Word for word, set down the lines from the one that holds "And you're going" through the final line of the listing below, and exclude every picture.

Recorded information ▸
=-=-=
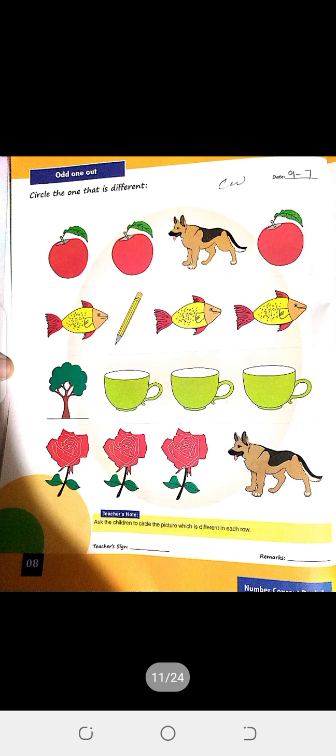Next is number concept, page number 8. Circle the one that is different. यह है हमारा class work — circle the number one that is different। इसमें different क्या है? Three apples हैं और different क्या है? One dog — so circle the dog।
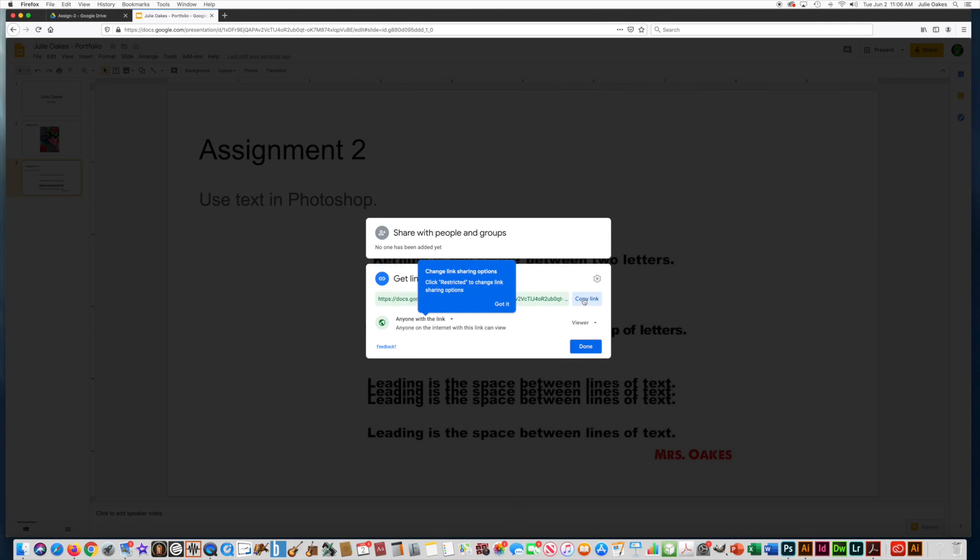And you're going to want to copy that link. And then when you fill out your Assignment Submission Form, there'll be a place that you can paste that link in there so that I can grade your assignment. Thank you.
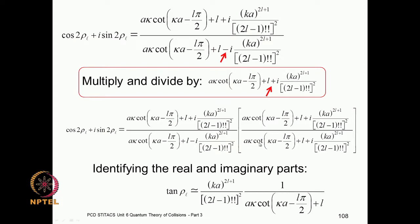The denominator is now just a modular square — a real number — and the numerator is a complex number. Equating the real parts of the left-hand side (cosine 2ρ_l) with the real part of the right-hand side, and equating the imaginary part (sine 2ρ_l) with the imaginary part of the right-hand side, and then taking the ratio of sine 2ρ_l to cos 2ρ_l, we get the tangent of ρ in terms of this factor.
=-=-=
Task response ▸
And you're going to want to copy that link. And then when you fill out your Assignment Submission Form, there'll be a place that you can paste that link in there so that I can grade your assignment. Thank you.
The denominator is now just a modular square — a real number — and the numerator is a complex number. Equating the real parts of the left-hand side (cosine 2ρ_l) with the real part of the right-hand side, and equating the imaginary part (sine 2ρ_l) with the imaginary part of the right-hand side, and then taking the ratio of sine 2ρ_l to cos 2ρ_l, we get the tangent of ρ in terms of this factor.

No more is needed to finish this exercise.